Having been through several Competition Commission inquiries about unfair competition in the petrol retailing sector - supermarkets undercutting fuel prices and so on - all to no avail, no one in our industry expected anything more from the government’s provisional report into the grocery retailing sector.
Petrol retailers have been there, got the t-shirt, and in the subsequent years said goodbye to a great many forecourts. The conclusion - so far - is that the small players are not under threat from the big players. Well, as Jonathan James so aptly commented, the Commission must have looked at a totally different market to the one most people operate in. Not to mention the simple physics that big things generally do crush small things when left to get out of control.
But more than actually not doing anything to keep some kind of control in the playground, a more worrying and rather bizarre aspect of the report is that the Commission thinks there should be more supermarkets. That’s not going to be very comfortable for any convenience store/forecourt caught in the crossfire.

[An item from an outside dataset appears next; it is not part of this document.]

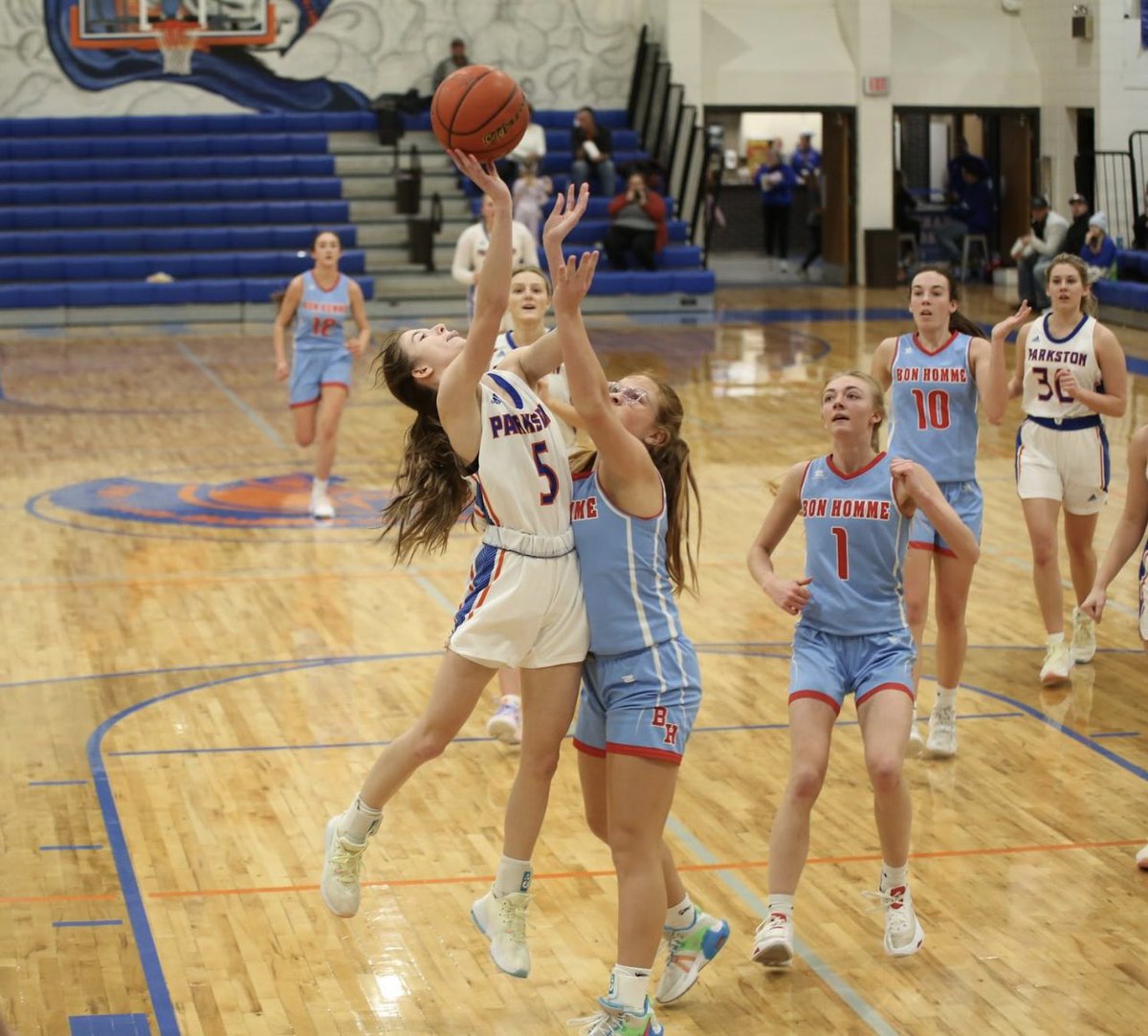 parkston_gbb's tweet photo. 🚨Game Day 🚨the Trojans with host Hanson today at 3:00. Winner earns a trip to the SoDak 16! Let’s pack the armory Trojan fans! #PlayForTay https://t.co/WhiK4SFn2y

Is anyone actually going to be happy about that? Neither consumers, nor other retailers - nor even the supermarkets who’ve gone to such lengths to cordon off the land around them - want more supermarkets. Besides, shouldn’t the momentum now - with the government’s own drive for climate change strategies - be for more local independent grocery retailers, supplying more local produce, cutting down on road transport emissions?
Ironic though, that it’s no longer the supermarkets causing havoc with fuel prices, but one of our ’own’ - Shell!